De verrassende culturele erfenis van een fruitstad
Op 7 meter boven zeeniveau wandel ik langs de Waterpoort, een imposante 16e-eeuwse toegangspoort. De stad heeft zijn Hanzegeschiedenis behouden op een manier die doet denken aan andere charmante IJsselsteden zoals Zutphen. Toch heeft Tiel iets wat die steden missen: een tastbare culturele mascotte die generaties heeft overleefd.
“In onze stad leven we met de rivieren en met Flipje. Terwijl Amsterdam verdrinkt in toeristen, blijven wij authentiek. We hebben maar 3 bezoekers per inwoner per jaar – en dat houden we graag zo.”
Wat Tiel bijzonder maakt is hoe het zijn fruitcultuur heeft behouden. De Betuwe-streek staat bekend om zijn boomgaarden, maar alleen Tiel heeft deze identiteit zo sterk omarmd dat het deel werd van het stedelijk DNA. Net zoals Franse dorpen hun culinaire tradities koesteren, beschermt Tiel zijn fruiterfgoed fanatiek.
Tijdens het jaarlijkse Fruitcorso in september transformeren praalwagens versierd met lokaal fruit de straten in een kleurrijk schouwspel. En elk jaar in juni brengt het Flipje Festival theater, muziek en kunst naar de historische binnenstad – allemaal geïnspireerd door het vrolijke fruitbaasje.
Wat de reisgidsen je niet vertellen
Bezoek Tiel op een donderdag voor de beste ervaring, wanneer de wekelijkse markt lokale producten aanbiedt tussen 8:00 en 13:00 uur. Parkeer gratis bij de Westluidensepoort en wandel naar het centrum, een korte 350 meter stap.
Voor de echte insiderervaring, probeer de “Tielse Kermiskoek” bij Bakkerij Oosterling op het marktplein, een lokale specialiteit gemaakt volgens een 128 jaar oud recept met appelsiroop uit eigen boomgaarden. Of bezoek de verborgen Stille Moestuin achter de Caeciliakapel, alleen toegankelijk op donderdagochtend tussen 10:00 en 11:00 uur.

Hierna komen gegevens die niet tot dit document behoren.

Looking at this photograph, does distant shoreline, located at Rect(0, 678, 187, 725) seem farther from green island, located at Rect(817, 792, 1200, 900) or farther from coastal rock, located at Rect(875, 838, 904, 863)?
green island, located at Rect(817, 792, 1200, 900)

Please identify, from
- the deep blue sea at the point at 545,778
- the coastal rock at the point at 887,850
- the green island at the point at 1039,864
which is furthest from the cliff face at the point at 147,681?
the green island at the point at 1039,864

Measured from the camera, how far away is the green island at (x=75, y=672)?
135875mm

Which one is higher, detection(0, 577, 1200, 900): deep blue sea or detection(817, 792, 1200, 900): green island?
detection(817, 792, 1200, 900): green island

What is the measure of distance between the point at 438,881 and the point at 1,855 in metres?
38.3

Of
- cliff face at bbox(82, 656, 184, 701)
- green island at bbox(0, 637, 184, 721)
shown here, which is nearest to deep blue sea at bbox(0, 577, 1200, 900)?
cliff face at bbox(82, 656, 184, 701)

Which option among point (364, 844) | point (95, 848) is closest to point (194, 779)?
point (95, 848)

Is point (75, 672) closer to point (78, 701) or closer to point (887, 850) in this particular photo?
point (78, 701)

Als je echt geluk hebt, vang je een glimp op van de zeldzame “bloesemnevel” in de vroege ochtend – een lokaal natuurfenomeen waarbij een zachtgele mist over de rivier en de boomgaarden hangt, meestal tussen 6:30 en 7:30 uur in het voorjaar en de vroege zomer.
Terwijl Sarah foto’s maakt van de reflecties in de oude stadsgracht, kan ik niet anders dan denken aan hoe perfect Tiel de Nederlandse paradox belichaamt: groei zonder verlies van identiteit. Kleine Emma zou dol zijn op de vrolijke Flipje-beelden. Dit is geen stad die vastzit in het verleden of wild vooruitrent naar de toekomst – het is een plek die haar erfgoed koestert terwijl ze voorzichtig evolueert. Als een perfect rijpe Betuwe-appel: zoet, maar met net genoeg scherpte om je bij te blijven.